En este sentido –precisamente la falta de sentido común– drama y comedia van de la mano. Toda suerte de hechos increíbles y de leyendas y mitos irracionales llenarían el más grande muestrario de lo absurdo con ejemplos que hablan de la experiencia de siglos.
Sueños afiebrados y tradiciones aceptadas forman la levadura de lo absurdo. Por ejemplo, mucho de la búsqueda y la exploración de tierras nuevas en siglos pasados, tuvo su origen en la teoría de que el oro -causa de guerras injustificadas entre países y de campañas despiadadas para obtenerlo- se ofrecía sin reservas al primero que se atreviera a buscarlo. Bien sabemos las consecuencias de esta búsqueda. La voz del rey Midas resuena con mayor brío en nuestros tiempos.

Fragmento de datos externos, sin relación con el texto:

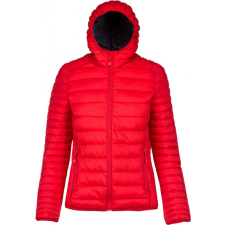 KARIBAN Női kabát Kariban KA6111 Ladies&#039; Lightweight Hooded padded Jacket -M, Red női dzseki, kabát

Con ese mismo criterio barroco se hicieron árboles genealógicos dictados por la vanidad, colecciones inútiles, protocolos retorcidos que son producto de mentes alucinadas o como decía Voltaire, de “los caballeros de la ignorancia, los paladines del papeleo, los campeones de la confusión”.

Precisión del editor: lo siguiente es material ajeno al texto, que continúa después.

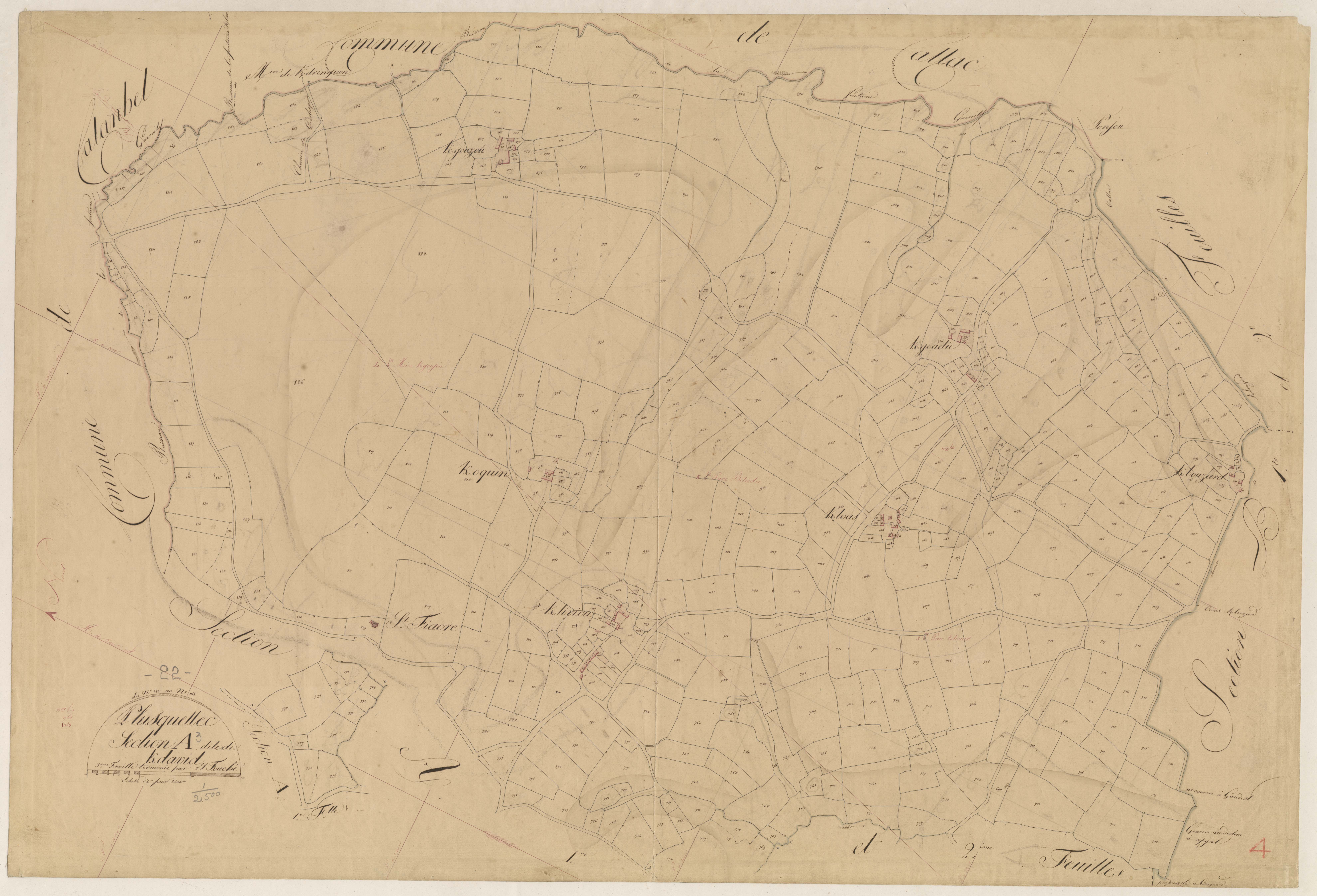 Plusquellec - Section A, 3e feuille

Ahora bien, durante siglos las oligarquías de siempre dirigiendo las fuerzas de las grandes potencias se distribuyeron, a sus anchas, el mundo entero. Entre lo absurdo y la confusión invadieron, explotaron, sacrificaron y exprimieron. Por supuesto que la Iglesia participó en estas conquistas y obtuvo buenos protectorados, abanderada de lo que decían era la palabra de Dios.
Hoy el mundo se debate en las transformaciones de la democracia. Durante la Segunda Guerra Mundial fueron liberados, al fin, los cuatro jinetes del Apocalipsis quienes siguen, hasta la fecha, cabalgando campantes por todo el planeta que se convulsiona entre las calamidades bíblicas. Son los triunfos de las democracias modernas.

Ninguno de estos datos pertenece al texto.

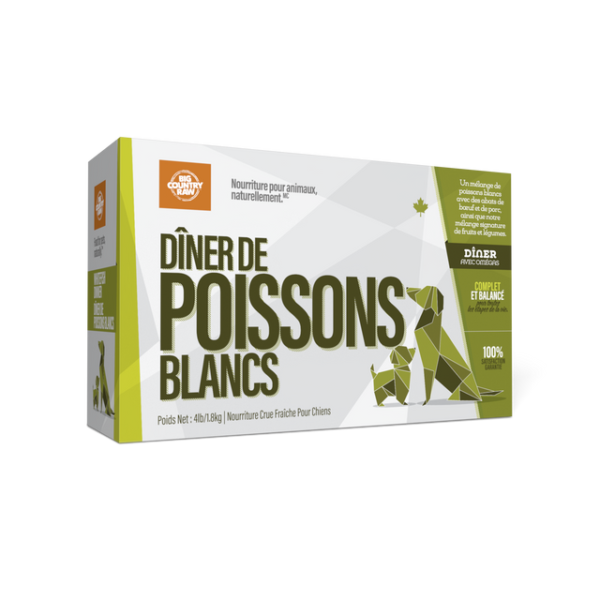 Big Country Raw - Dîner de poisson blanc | Chien - 4lbs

México no escapa de esta vorágine. Estamos viviendo y sintiendo tiempos difíciles; es la lucha por el poder. Pero cuando el poder se encarna, entonces se hace difícil deshacerse de el, aunque duela. Se crean ambientes virtuales y se envuelve a la ciudadanía. El país se convierte en un laboratorio en el cual nos movemos y brincamos como cuyos o ratoncitos cuando recibimos un choque eléctrico.
Lo que necesitamos es paz y tranquilidad. Requerimos honestidad para no intentar tapar el sol con un dedo. Precisamos una Nación fuerte en sus instituciones, fortaleza que solo se puede dar cuando es dirigida por seres humanos que sienten a su país en las venas, en los nervios, en los sentidos; no en los bolsillos. No necesitamos mesías intolerantes ni agitadores sociales. Necesitamos cordura, paz, entendimiento.